TO DO -> Without any pictures, print the lines below from the one that has "Alison Bar Chair" through the one that has "Mies | Chanel", exactly and nothing else.

SUPPLIED MATERIAL ->
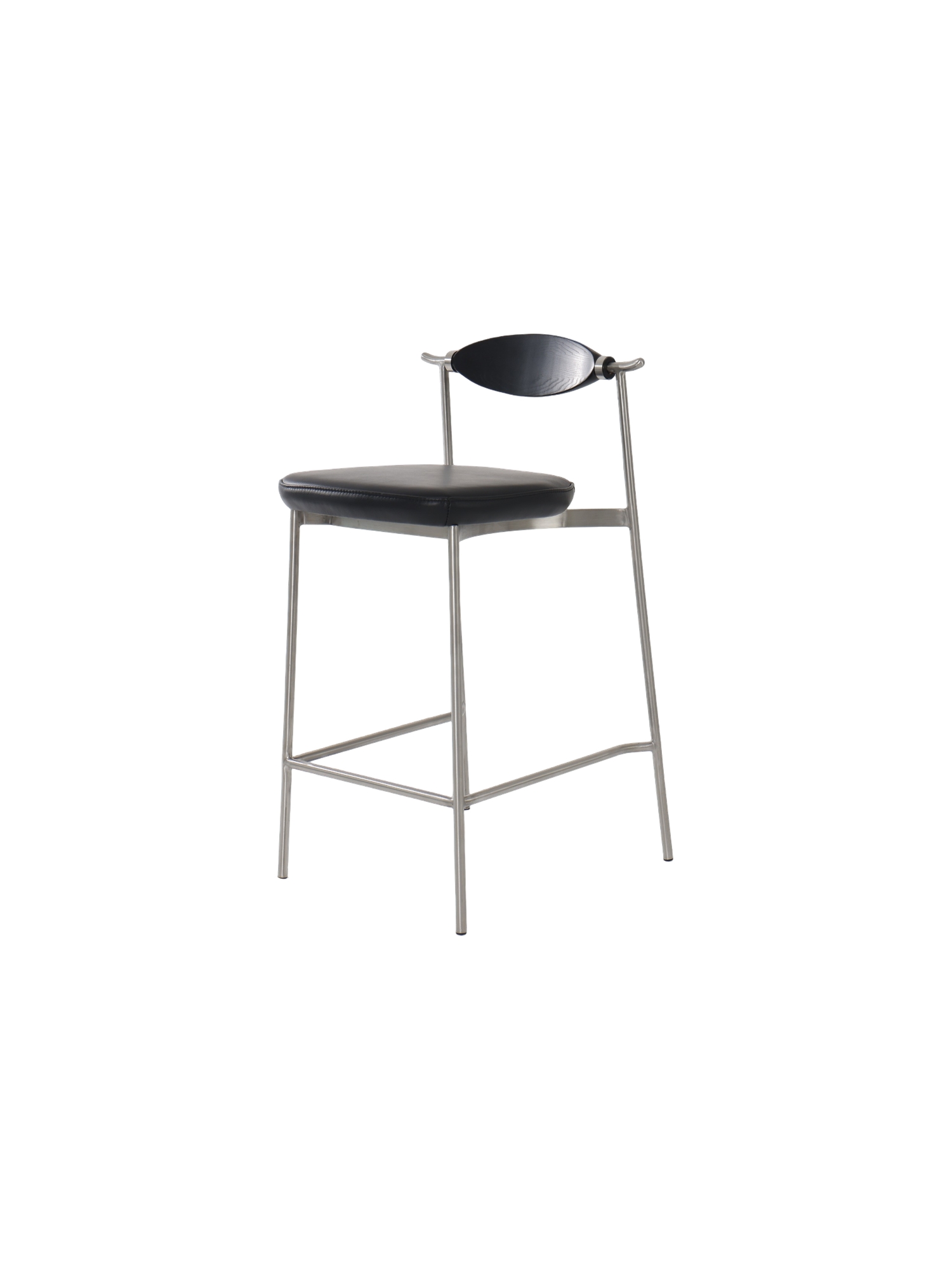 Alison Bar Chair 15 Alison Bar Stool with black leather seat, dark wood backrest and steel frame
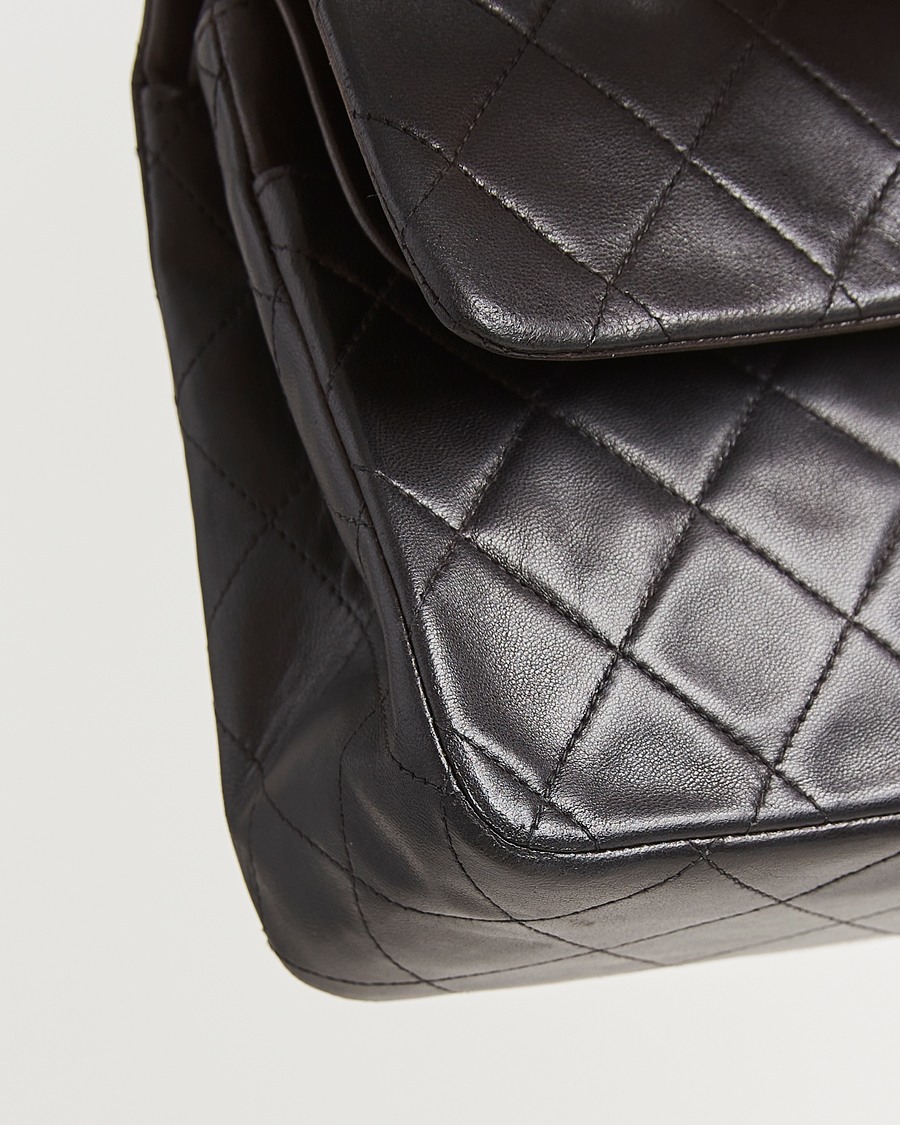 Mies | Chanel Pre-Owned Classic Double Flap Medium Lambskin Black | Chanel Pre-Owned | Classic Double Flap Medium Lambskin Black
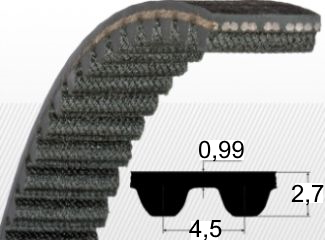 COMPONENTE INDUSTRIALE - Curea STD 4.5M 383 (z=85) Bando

--

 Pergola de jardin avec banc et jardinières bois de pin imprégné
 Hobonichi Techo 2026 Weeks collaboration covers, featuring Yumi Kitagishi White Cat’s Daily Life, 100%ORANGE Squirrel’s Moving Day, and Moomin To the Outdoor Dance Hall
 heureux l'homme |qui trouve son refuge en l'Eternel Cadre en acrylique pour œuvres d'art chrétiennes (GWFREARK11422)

...

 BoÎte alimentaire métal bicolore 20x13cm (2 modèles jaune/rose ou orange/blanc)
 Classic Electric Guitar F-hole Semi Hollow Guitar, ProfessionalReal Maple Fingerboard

TASK RESULT ->
 Alison Bar Chair 15 Alison Bar Stool with black leather seat, dark wood backrest and steel frame
 Mies | Chanel Pre-Owned Classic Double Flap Medium Lambskin Black | Chanel Pre-Owned | Classic Double Flap Medium Lambskin Black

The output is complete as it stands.